What you are asked to do:
Would you output the entries below only from the line containing "Походный рюкзак Thule" through the line containing "5727 Sea Trout", exactly as they stand and with both ends included?

Input data:
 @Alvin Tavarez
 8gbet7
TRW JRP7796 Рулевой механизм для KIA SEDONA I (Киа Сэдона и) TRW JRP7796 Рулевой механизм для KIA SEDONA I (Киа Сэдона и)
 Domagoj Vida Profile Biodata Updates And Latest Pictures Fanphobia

--

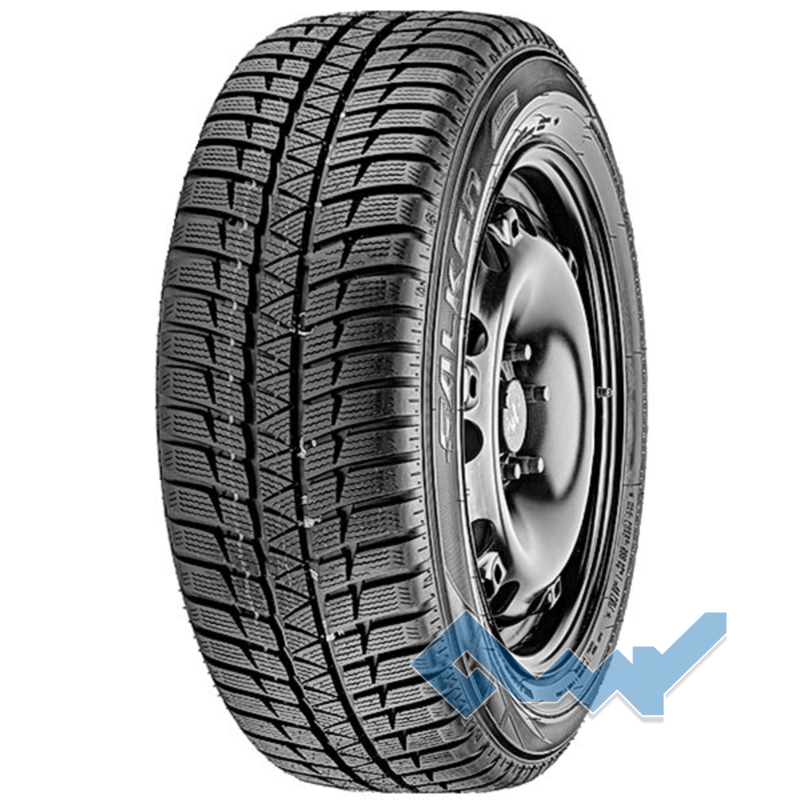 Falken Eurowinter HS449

---

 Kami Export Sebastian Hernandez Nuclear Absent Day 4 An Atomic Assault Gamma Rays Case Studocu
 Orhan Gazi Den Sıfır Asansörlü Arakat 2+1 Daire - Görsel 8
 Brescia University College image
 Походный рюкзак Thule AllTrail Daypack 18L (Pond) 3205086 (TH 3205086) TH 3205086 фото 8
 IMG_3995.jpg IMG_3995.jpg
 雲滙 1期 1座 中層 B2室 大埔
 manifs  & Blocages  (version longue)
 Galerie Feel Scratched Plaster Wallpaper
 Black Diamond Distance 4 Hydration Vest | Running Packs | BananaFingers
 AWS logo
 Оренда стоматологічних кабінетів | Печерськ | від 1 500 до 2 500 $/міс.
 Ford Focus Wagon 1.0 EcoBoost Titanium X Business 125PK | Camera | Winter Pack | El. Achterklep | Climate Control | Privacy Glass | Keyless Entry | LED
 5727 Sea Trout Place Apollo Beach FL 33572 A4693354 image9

Written reply:
 Походный рюкзак Thule AllTrail Daypack 18L (Pond) 3205086 (TH 3205086) TH 3205086 фото 8
 IMG_3995.jpg IMG_3995.jpg
 雲滙 1期 1座 中層 B2室 大埔
 manifs  & Blocages  (version longue)
 Galerie Feel Scratched Plaster Wallpaper
 Black Diamond Distance 4 Hydration Vest | Running Packs | BananaFingers
 AWS logo
 Оренда стоматологічних кабінетів | Печерськ | від 1 500 до 2 500 $/міс.
 Ford Focus Wagon 1.0 EcoBoost Titanium X Business 125PK | Camera | Winter Pack | El. Achterklep | Climate Control | Privacy Glass | Keyless Entry | LED
 5727 Sea Trout Place Apollo Beach FL 33572 A4693354 image9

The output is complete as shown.